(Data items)
··········
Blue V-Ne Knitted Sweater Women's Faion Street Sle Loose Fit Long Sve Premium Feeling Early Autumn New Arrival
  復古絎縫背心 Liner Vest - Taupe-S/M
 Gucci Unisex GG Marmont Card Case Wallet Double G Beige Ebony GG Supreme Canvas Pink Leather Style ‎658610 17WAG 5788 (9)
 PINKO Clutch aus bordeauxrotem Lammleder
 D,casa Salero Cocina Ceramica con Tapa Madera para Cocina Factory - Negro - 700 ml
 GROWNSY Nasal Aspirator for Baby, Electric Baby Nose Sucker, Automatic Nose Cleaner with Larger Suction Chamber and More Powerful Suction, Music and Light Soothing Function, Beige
··········
§ **DESCRIPTION OF THE TASK**:
Retype the entries. Every line must match exactly.

§ **TASK OUTPUT**:
Blue V-Ne Knitted Sweater Women's Faion Street Sle Loose Fit Long Sve Premium Feeling Early Autumn New Arrival
  復古絎縫背心 Liner Vest - Taupe-S/M
 Gucci Unisex GG Marmont Card Case Wallet Double G Beige Ebony GG Supreme Canvas Pink Leather Style ‎658610 17WAG 5788 (9)
 PINKO Clutch aus bordeauxrotem Lammleder
 D,casa Salero Cocina Ceramica con Tapa Madera para Cocina Factory - Negro - 700 ml
 GROWNSY Nasal Aspirator for Baby, Electric Baby Nose Sucker, Automatic Nose Cleaner with Larger Suction Chamber and More Powerful Suction, Music and Light Soothing Function, Beige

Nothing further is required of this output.